Sunday’s Washington Post ran a front-page article (“At State, Rice Takes Control of Diplomacy”) commending Secretary of State Condoleeza Rice for taking charge of U.S. foreign policy and pursuing a diplomatic strategy more pragmatic and less ideological than during Bush’s first term. On several fronts, Secretary Rice well deserves the Post’s kudos. Since she moved from the White House to Foggy Bottom, America’s relations with Europe have improved markedly. Washington is now actively engaged in diplomatic efforts to ensure that Iran and North Korea do not maintain nuclear weapons programs. The U.S. is playing a more visible and active role in the Middle East peace process, with Israel’s withdrawal from Gaza proceeding apace. And in picking Bob Zoellick and Nick Burns as her top aides, Rice has reached out to consummate professionals — both of whom embrace the centrist brand of internationalism that was so underrepresented in Bush’s first term. These are impressive accomplishments, especially in light of the fact that Rice still has to do battle with Rumsfeld, Cheney, and other hardliners.

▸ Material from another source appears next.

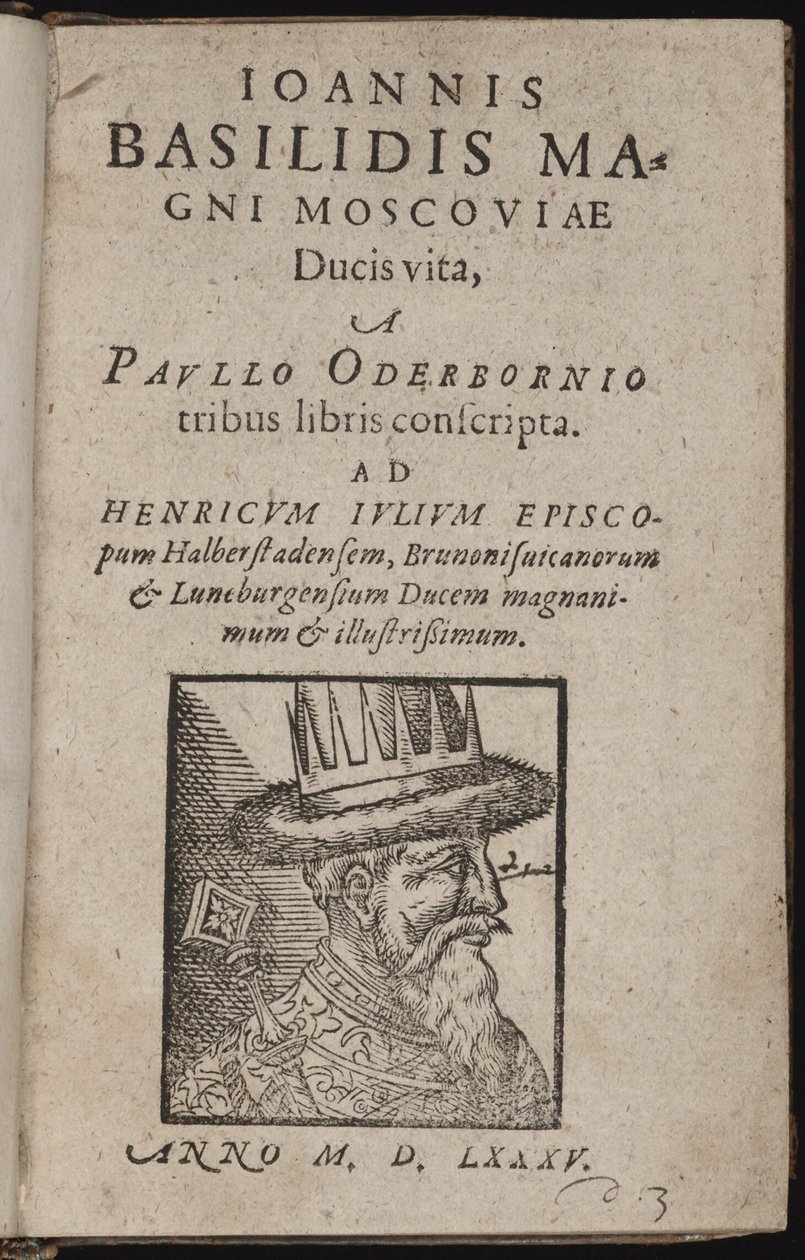 Ivan IV Vassiljevitsh, dit Ivan le terrible (1530-1584) - Johannes Basilidis Moskovan suuren herttuan elämä (otsikkosivu) Ivan Julma - Oderborn, Paul (n. 1555-1604) - 1585 - Puupiirros - 15,5x9,8 - Yksityinen kokoelma tekijältä Unknown artist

But before we breathe a collective sigh of relief and pronounce America’s ship of state back on course, let’s take a step back. To applaud the State Department for actually engaging in diplomacy with Iran and North Korea is a bit like applauding McDonalds for serving hamburgers. For four years, the Bush team merely glared at Tehran and Pyongyang. Diplomatic engagement is a welcome change of course — but it seems like a bold innovation only because Washington dropped the ball, and was sticking its head in the sand for years, preoccupied with the war in Iraq.
The Post also praises Secretary Rice for brokering a deal on Sudan at the UN. A breakthrough did indeed occur on her watch. But what held up UN engagement for months was Washington’s needless phobia about the International Criminal Court and the prospect of the ICC investigating war crimes in Darfur. The State Department deserves credit for finding a way out of the stalemate (Washington abstained rather than vetoed the resolution), enabling the international community to get on with peacekeeping and relief efforts in Sudan. But the U.S. should have never blocked the resolution to begin with. Furthermore, the Bush administration still has done far too little to stop the suffering and killing in Darfur.
Finally, Condi Rice’s accomplishments notwithstanding, the State Department needs to start speaking the truth about Iraq before I will be prepared to pronounce American diplomacy — and American politics more generally — back on course. On matters ranging from the stamina of the insurgency (it’s not in its last throes), to the influence of Iran in Iraq (there is a great deal), to the risks of civil war (anything but insignificant), it is time for the administration to shoot straight with the American people. Only after strategic myth has given way to sober assessment can the nation sensibly and reasonably find its way forward in Iraq.